■ TASK OBJECTIVE: Leave the pictures out, and transcribe the material below exactly from the line with "stain-07 gdm - swizzle mixtape 3D model" to the line with "Swap (Budget Challenge)", both lines included.

■ SOURCE MATERIAL:
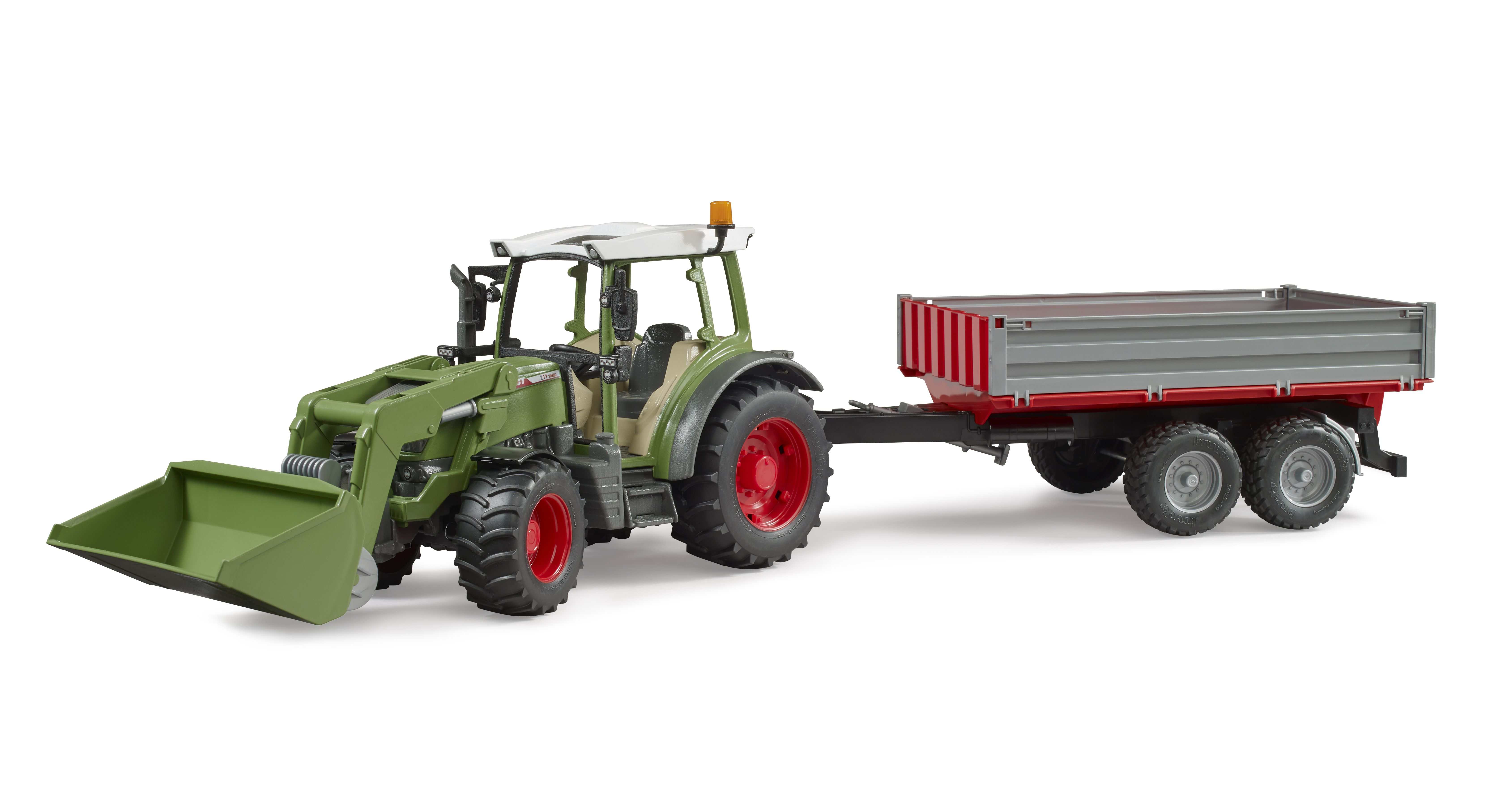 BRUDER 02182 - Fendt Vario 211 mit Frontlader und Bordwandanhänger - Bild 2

* * *

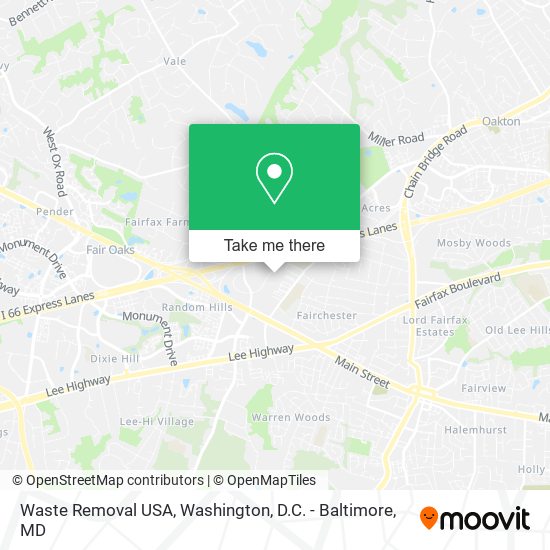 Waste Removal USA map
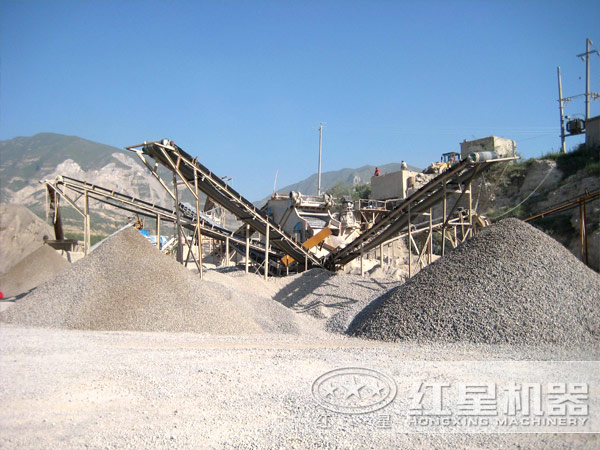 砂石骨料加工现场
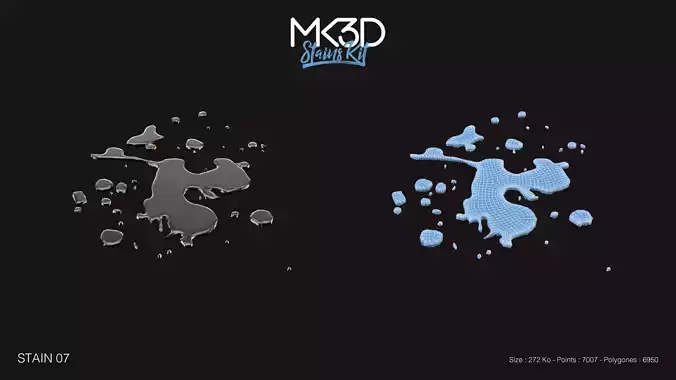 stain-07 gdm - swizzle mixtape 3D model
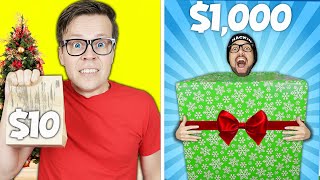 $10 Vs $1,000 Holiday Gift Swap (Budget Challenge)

■ RESPONSE AREA:
 stain-07 gdm - swizzle mixtape 3D model
 $10 Vs $1,000 Holiday Gift Swap (Budget Challenge)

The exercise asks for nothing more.